COMIDA&CONSUMO: Nossa atual obsessão por comida na publicidade e na moda por Elizabeth Goodspeed

De tijolos sólidos de manteiga a tomates heirloom, a comida está regularmente surgindo em trabalhos criativos.
A editor-geral Elizabeth Goodspeed, investiga por que estamos sobrecarregados com produtos e o que isso diz sobre nosso momento cultural atual.


As marcas sempre quiseram que comprássemos o que elas vendem.

Nos últimos anos, parece que elas querem que comamos também. Se você é alguém que compra roupas, acessórios ou produtos de beleza, você vai se deparar com esse tipo de colírio para os olhos com frequência: um limpador facial Rhode flutuando em uma tigela de cheerios , uma bolsa Jacquemus empoleirada em uma pilha de donuts em pó ou um relógio Chanel circundando um martini sujo.

Às vezes, não há nenhum produto sendo anunciado; o espectador simplesmente vê um logotipo esculpido em uma berinjela , feito de biscoito amanteigado ou canalizado em um bolo . Parece que hoje em dia, as marcas não estão estilizando suas mercadorias, mas sim as empratando . Mas quando o shelfie começou a se referir a uma prateleira de geladeira ?

A comida tem sido há muito tempo uma característica conceitualmente rica da arte. Nas pinturas de natureza morta holandesas dos séculos XVII e XVIII — alguns dos primeiros exemplos do gênero — a comida era um recurso narrativo.
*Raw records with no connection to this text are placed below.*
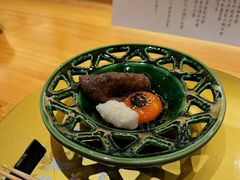 -鮨冠OMAKASE食べ放题(北京首店)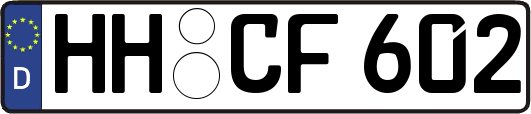 HH-CF602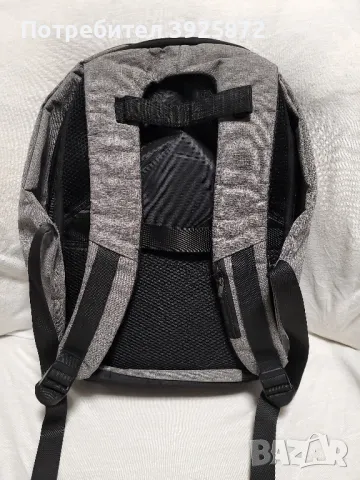 Раница, снимка 2 - Раници - 48548313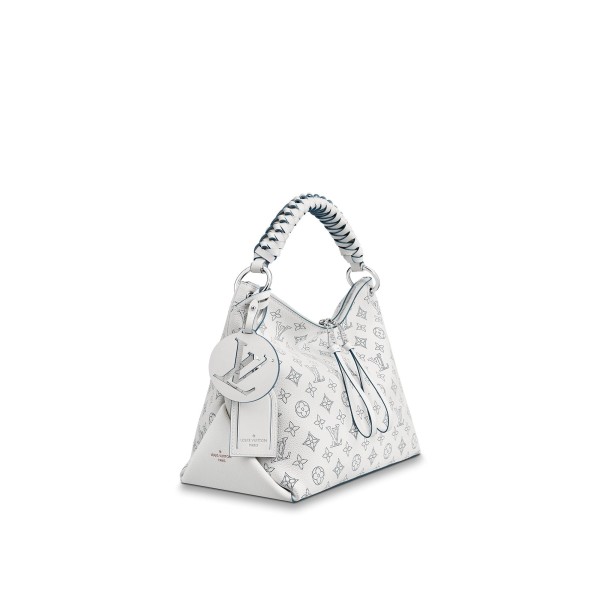Beaubourg Hobo MM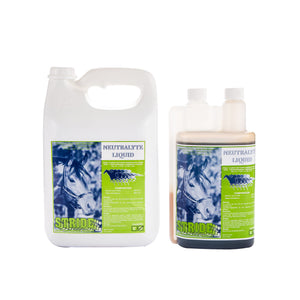 Neutralyte Liquid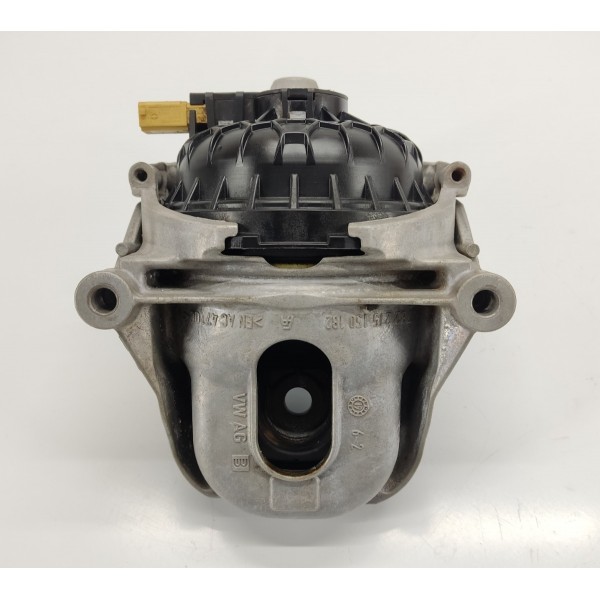 Coxim Motor Dianteiro Direito Audi Q8 2019 4m0199372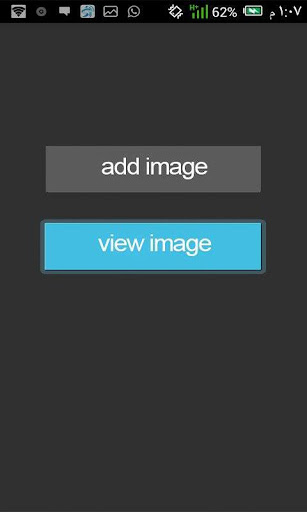 【免費媒體與影片App】Secure My Photos-APP點子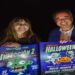 Halloween en Camargo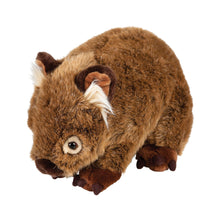 Load image into Gallery viewer, Outbackers 30cm Wombat "Russell"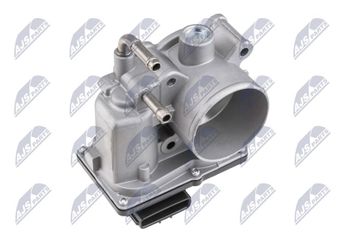 Gaz Kelebeği  KRAFTVOLL 12050095  13400 65J00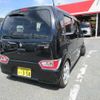 suzuki wagon-r 2022 -SUZUKI--Wagon R 5BA-MH85S--MH85S-137527---SUZUKI--Wagon R 5BA-MH85S--MH85S-137527- image 3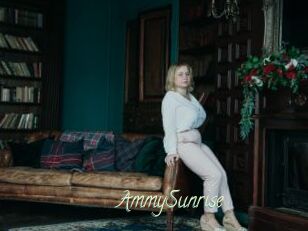 AmmySunrise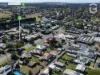 13 Elwin Street, Narrandera, NSW 2700-Image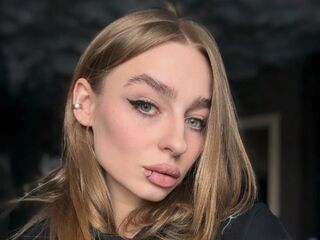 free pussy web cam EvaVotta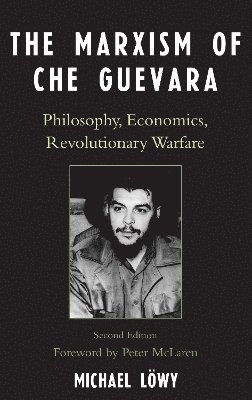 The Marxism of Che Guevara 1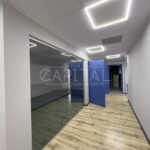 Оренда комерційної нерухомості по вул. Велика Житомирська, 709 м² | 7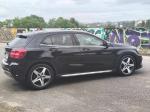 mercedes-benz-gla-2015-diesel-2143cc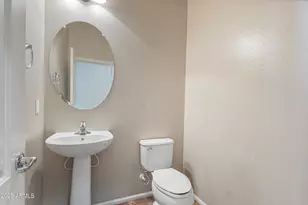 5065 N 145th Dr, Litchfield Park, AZ 85340 - Photo 18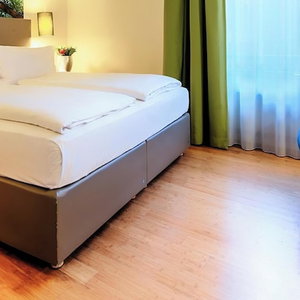 Hotel Achat Hotel Bremen City cazare Mitte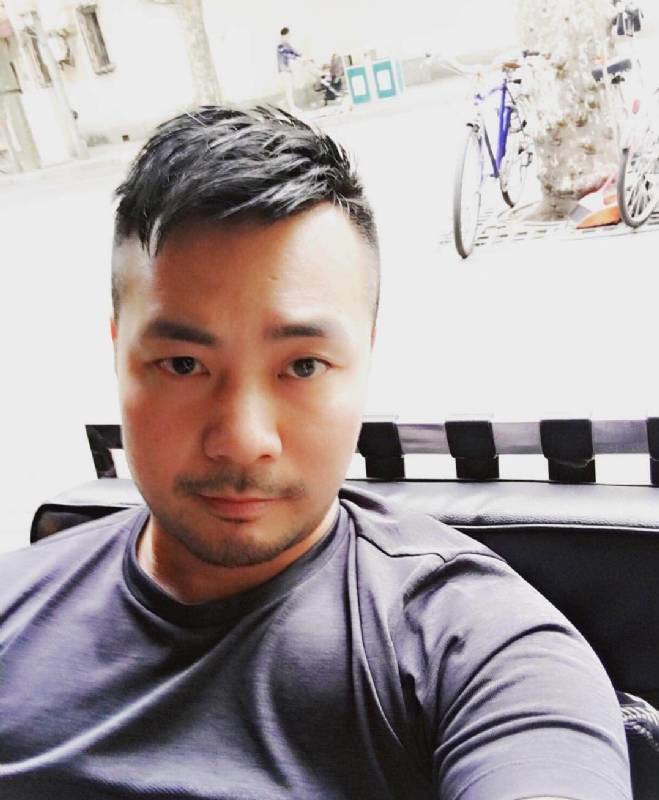 刘江平的第二张照片--南通相亲服务中心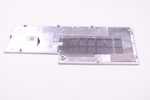 5CB0M31220 Lenovo Ram Cover 80SV005BUS 510-15IKB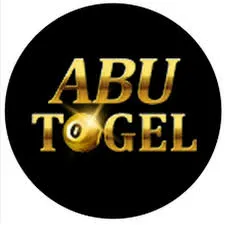 abutogel APK: Fitur, Ukuran, dan Link Download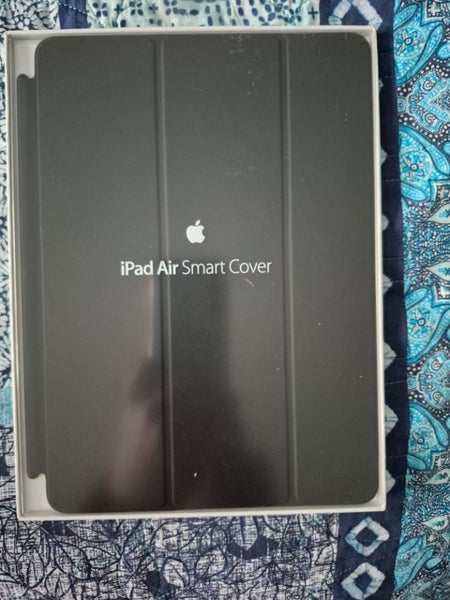$1 reserve - IPAD Cover Carousel 1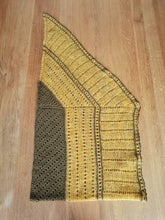 Load image into Gallery viewer, Shieldmaiden Shawl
Uma natureza morta mostrando uma mesa de banquete farta poderia sugerir riqueza, bem como a generosidade e hospitalidade da família, ou se a comida estivesse machucada e apodrecendo , servir como um memento mori para a natureza fugaz da vida. A comida assume significados multifacetados semelhantes na fotografia do século XX; as pimentas chiaroscuro de Edward Weston transcendem a origem comum para se tornarem um objeto de arte sensual, enquanto o trabalho de Irving Penn para a Vogue usava arranjos elegantes e estilizados para ecoar a opulência da natureza morta clássica (mais tarde em sua carreira, ele trouxe esse mesmo espírito artístico para vegetais congelados e maçãs com vermes ). Em todos os casos, o cachimbo nunca foi apenas um cachimbo.
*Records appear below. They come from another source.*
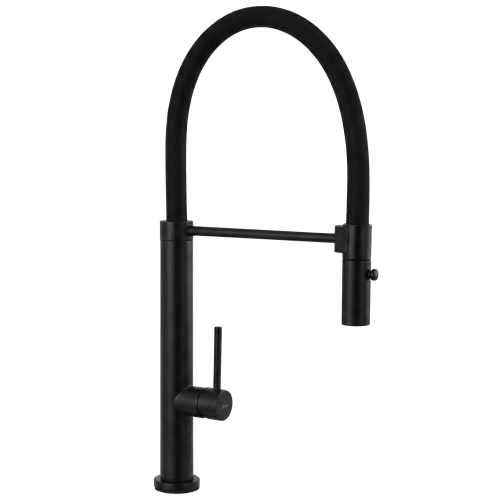 49387cbec770a45aa77c09456c4b572d.webp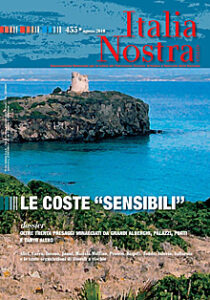 Italia Nostra 455/2010
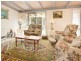 10 Jillian Drive, Rye VIC 3941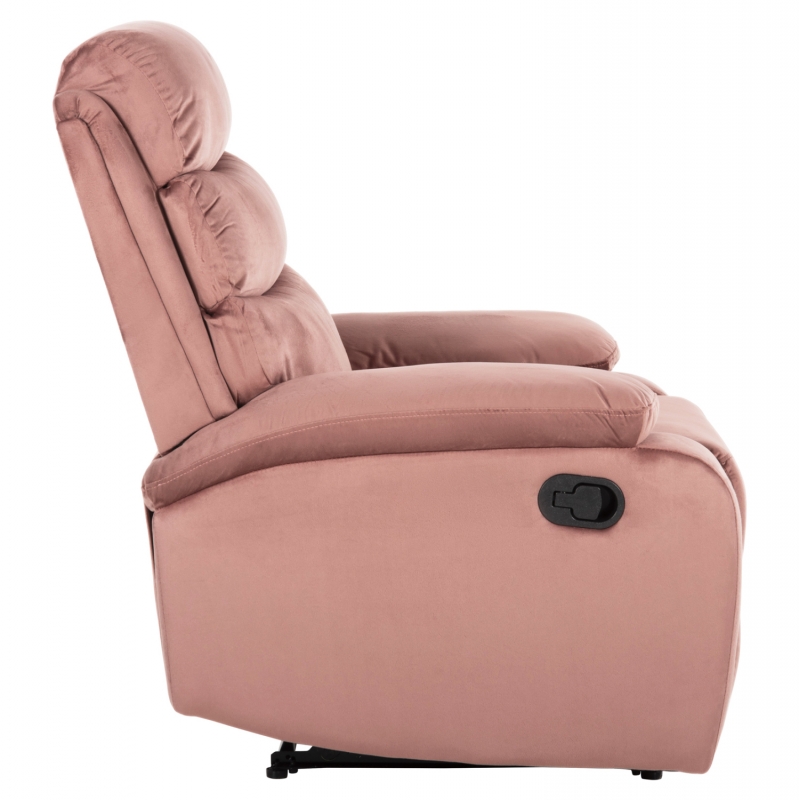 ΠΟΛΥΘΡΟΝΑ RELAX YASUMU HM9783.02 ΣΑΠΙΟ ΜΗΛΟ ΒΕΛΟΥΔΟ 80x93x100Υεκ. ΠΟΛΥΘΡΟΝΑ RELAX YASUMU HM9783.02 ΣΑΠΙΟ ΜΗΛΟ ΒΕΛΟΥΔΟ 80x93x100Υεκ.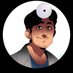 แดแดแดแด (@d3adlysurg3on) Twitter profile photo แดแดแดแด (@d3adlysurg3on) Twitter profile photo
A comida na publicidade e na moda não é novidade (provavelmente temos o vestido de lagosta de Elsa Schiaparelli de 1937 e muito da alta-costura desde então para agradecer por este último), mas certamente cruzou fortemente para o mainstream desde a pandemia. Desde 2020, vimos roupas carregadas de comida, como uma bolsa de peixe enlatada , um puffer de macarrão e uma centena de peças diferentes com produtos da Lisa Says Gah . Marcas populares do Instagram estão vendendo protetor solar e creme de barbear projetados para parecerem chantilly, e meias estão sendo embaladas em recipientes de poke para viagem . Até os perfumes gourmand estão na moda novamente ! Essa popularização coletiva sinaliza uma mudança em que a comida transcende a curiosidade temática para se tornar um componente central das estratégias de design e marketing para muitas marcas.



Nas pinturas holandesas e nas naturezas-mortas de Penn, a comida é a protagonista. Mas na publicidade contemporânea de beleza e moda, a comida é o ator coadjuvante.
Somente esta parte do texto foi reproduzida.